- Elizabeth, Lady Brunner in 1953
- Born: 14 April 1904
- Died: 9 January 2003 (aged 98)
- Occupation: actor

= Elizabeth Irving =

British actress

Dorothea Elizabeth Irving, Lady Brunner, OBE, JP (14 April 1904 – 9 January 2003), was a British actress, the daughter of actors H. B. Irving and Dorothea Baird, and the granddaughter of Victorian era stage star Henry Irving. Her older brother was the Hollywood set designer and art director Laurence Irving. Elizabeth Irving was the Chairman of the National Federation of Women's Institutes (W.I.) and in 1955 founded the Keep Britain Tidy Group, acting as President of the Group for 19 years from 1966.

== Life ==
Born at 1 Upper Woburn Place, London, in 1904, Dorothea Elizabeth Irving usually went by her middle name of Elizabeth. She was educated at home, at South Hampstead High School and, when the family moved to Oxford in 1916, at Oxford High School, before moving to Wycombe Abbey School. Irving left school at 16 to study acting in Oxford and London, making her stage debut aged 12 in The Bells, in which her father had a leading role. Her early roles as an adult actress were as Titania in A Midsummer Night's Dream, in Henrik Ibsen's The Pretenders and in George du Maurier's Trilby. She also had a role in A. V. Bramble's silent film version of Charlotte Brontë's Shirley (1922).

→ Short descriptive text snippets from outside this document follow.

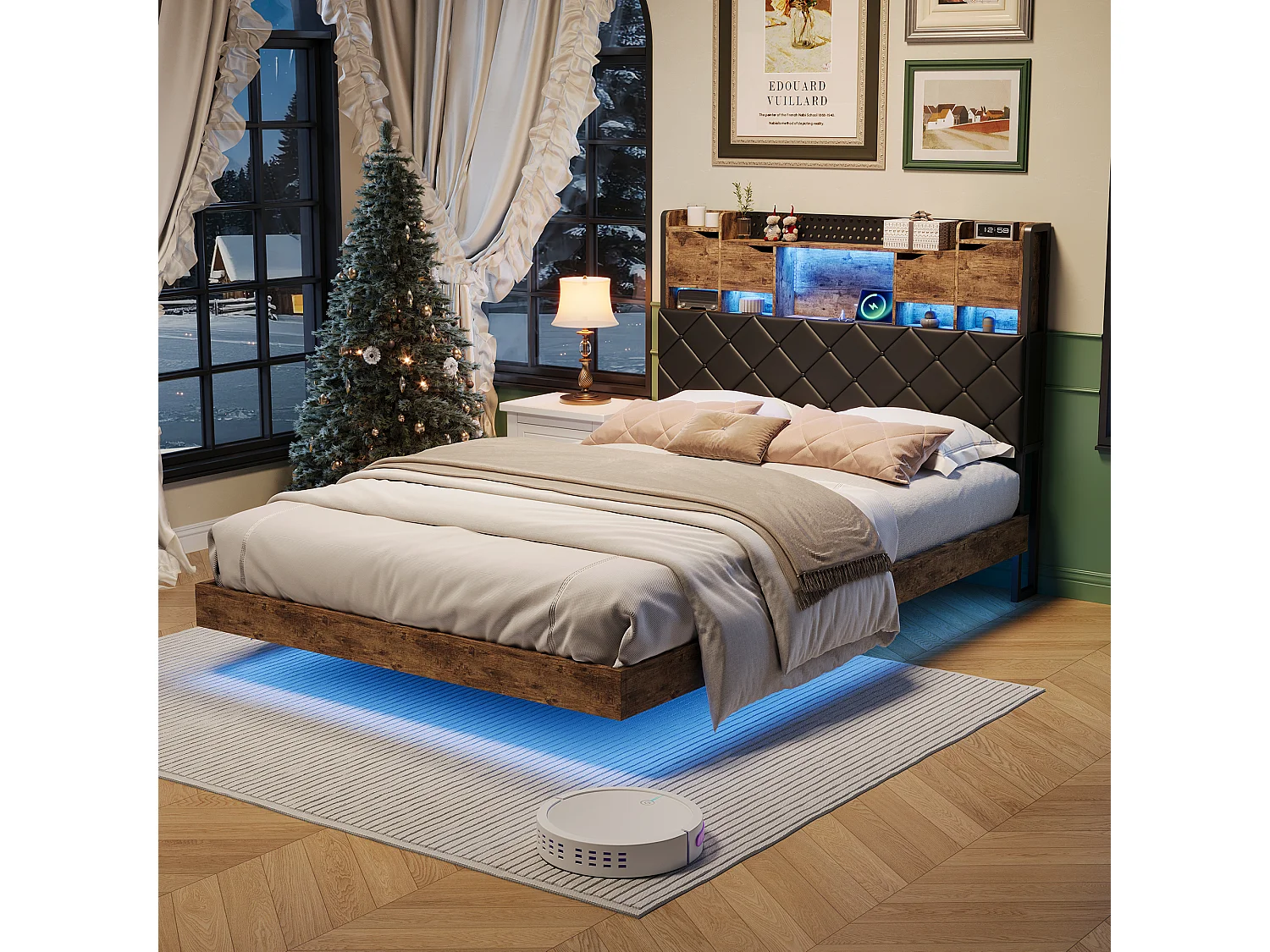 Cadre de lit en fer métallique - lit flottant en PU avec éclairage LED et station de charge USB - lit double rembourré avec tête de stockage - 160x200cm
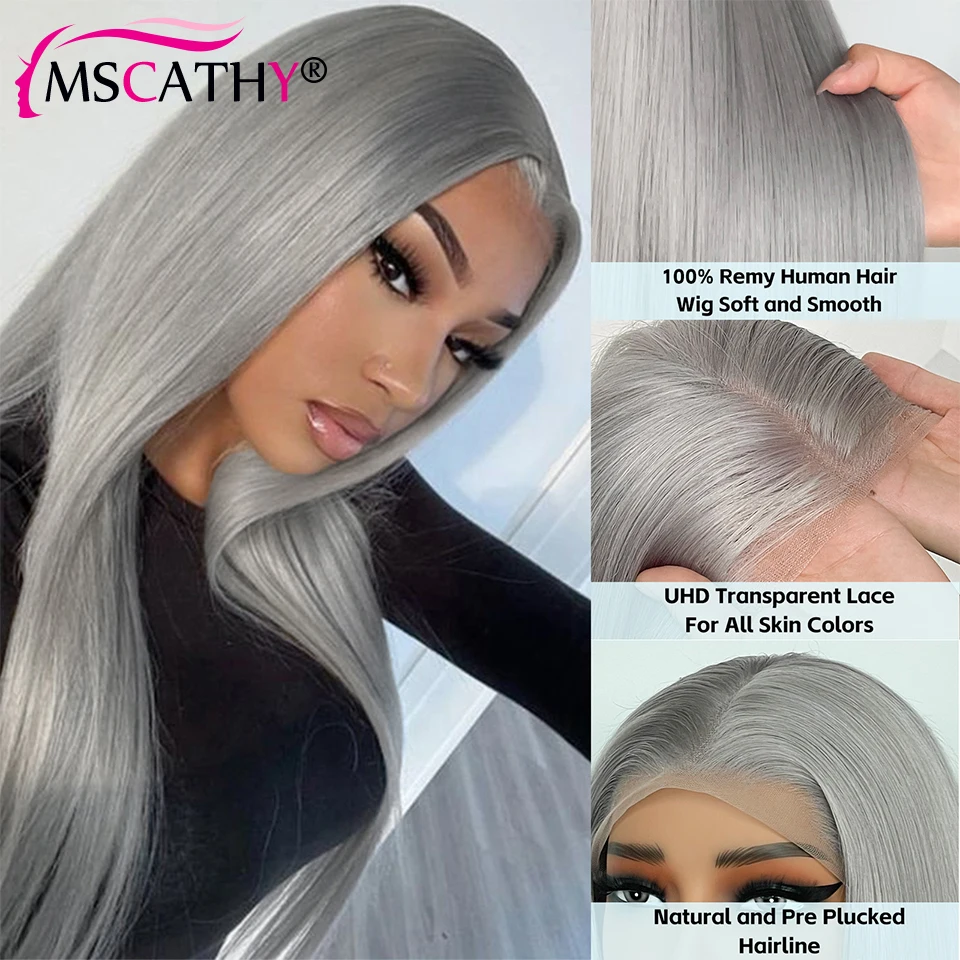 

200% Silver Grey Colored Straight Human Hair Wigs For Women 13x4 HD Transparent Lace Frontal Wig Brazilian Remy Human Hair Wigs
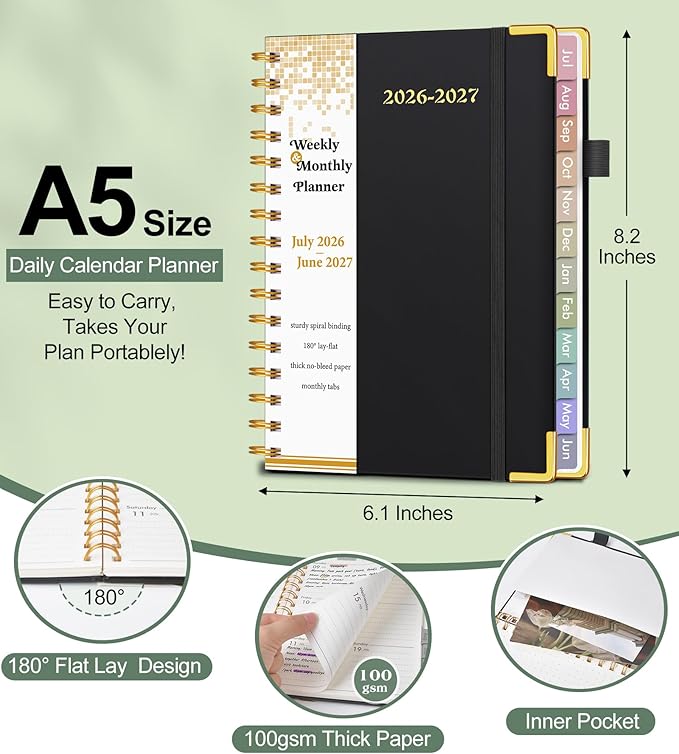 Academic Planner 2026-2027, Hardcover Weekly and Monthly Calendar Planner from July 2026 - June 2027, Daily Agenda Planners with Tabs, College School Organizer for Student Teacher, A5 (6.1" x 8.2"), Black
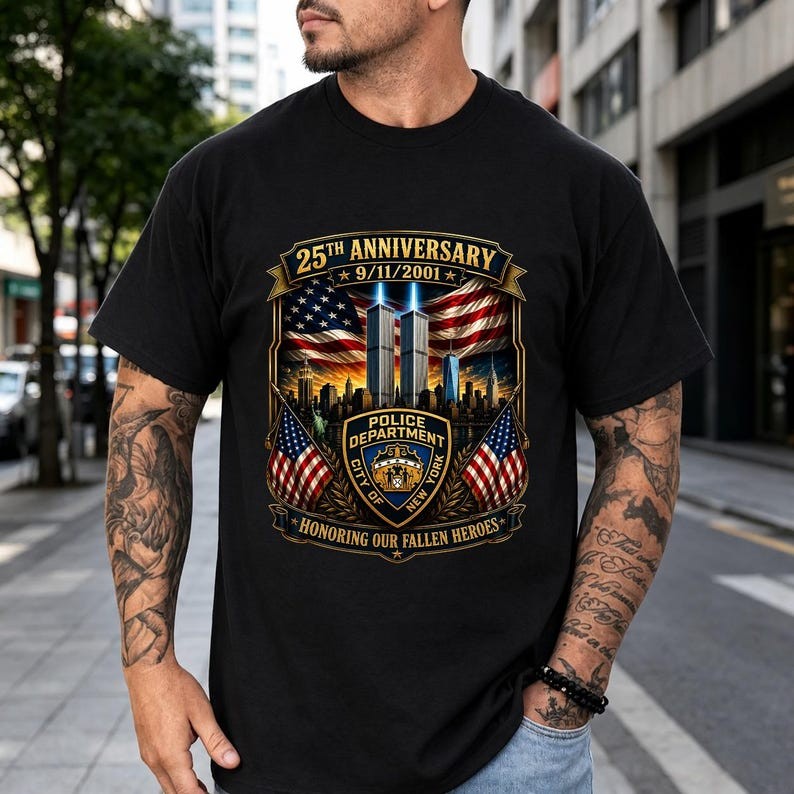 9/11 25th Anniversary T-Shirt, Remembering 2001 Tribute Tee, Patriot American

She married Sir Felix Brunner, Baronet, (1897–1982), a businessman and the son of Sir John Fowler Brunner, 2nd Bt. and Lucy Marianne Vaughan Morgan, on 8 July 1926. They had five sons. After her marriage Irving gave up acting, and became Lady Brunner in 1929 on the death of her husband's father, the 2nd baronet. She held the office of Justice of the Peace (J.P.) for Oxfordshire in 1946. In 1937 they bought Greys Court in Oxfordshire, and donated the house to the National Trust in 1969 but continued to live there.

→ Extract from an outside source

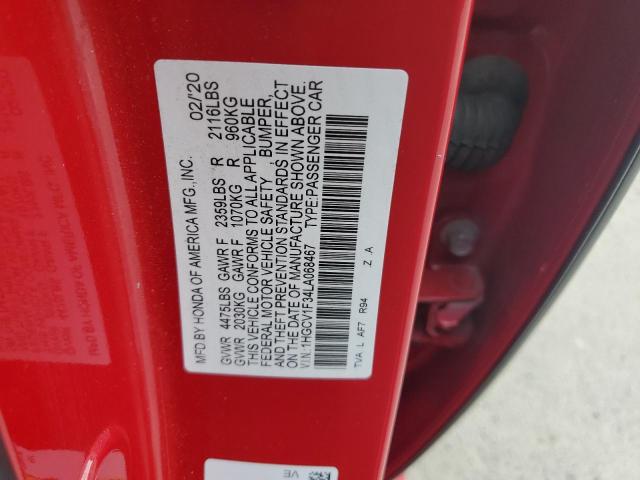 1HGCV1F34LA068467 - 2020 HONDA ACCORD SPORT 红色 照片 12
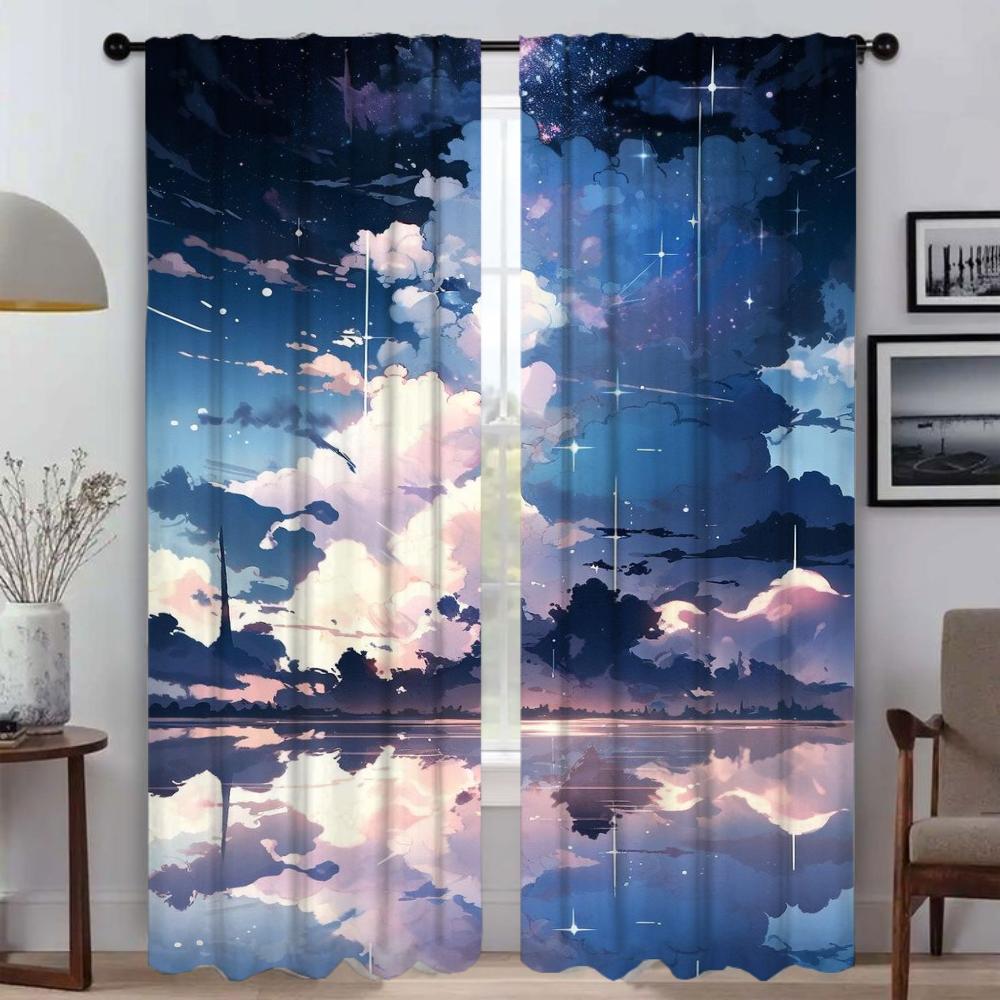 Curtains for Living Room Curtain Sky and Ocean Kitchen Curtains 2 Pieces Halloween Decoration Tulle for Bedroom Partition Camera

From 1951 to 1956 she was the Chairman of the National Federation of Women's Institutes (W.I.) and in 1955 founded the Keep Britain Tidy Group. She was President of the group for 19 years from 1966, after which she was its senior vice-president. She was appointed an Officer of the Order of the British Empire (O.B.E.) in 1964 for her work with the Keep Britain Tidy Campaign. She was the Chairman of the Women's Group on Public Welfare for ten years from 1960, and Chairman of the Henley and District Housing Trust. From 1968 to 1971 she was a member of the General Advisory Council of the BBC. The Brunner Buildings at Denman College, the Women's Institute's own Residential Adult Education College near Oxford, are named after her.

Elizabeth Lady Brunner died of heart failure at her home, Greys Court, in Rotherfield Greys, Oxfordshire on 9 January 2003 aged 98.

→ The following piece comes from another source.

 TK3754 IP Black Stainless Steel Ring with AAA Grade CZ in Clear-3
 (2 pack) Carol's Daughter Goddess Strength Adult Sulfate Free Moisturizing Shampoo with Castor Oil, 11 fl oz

One of her three surviving sons is Sir Hugo Brunner KCVO JP, Lord Lieutenant of Oxfordshire, England, between 1996 and 2008. He edited her posthumous account of her childhood to the point when she made her stage debut and published it, with a summary of the rest of her life, in 2010 as Child of the Theatre (Perpetua Press, Oxford).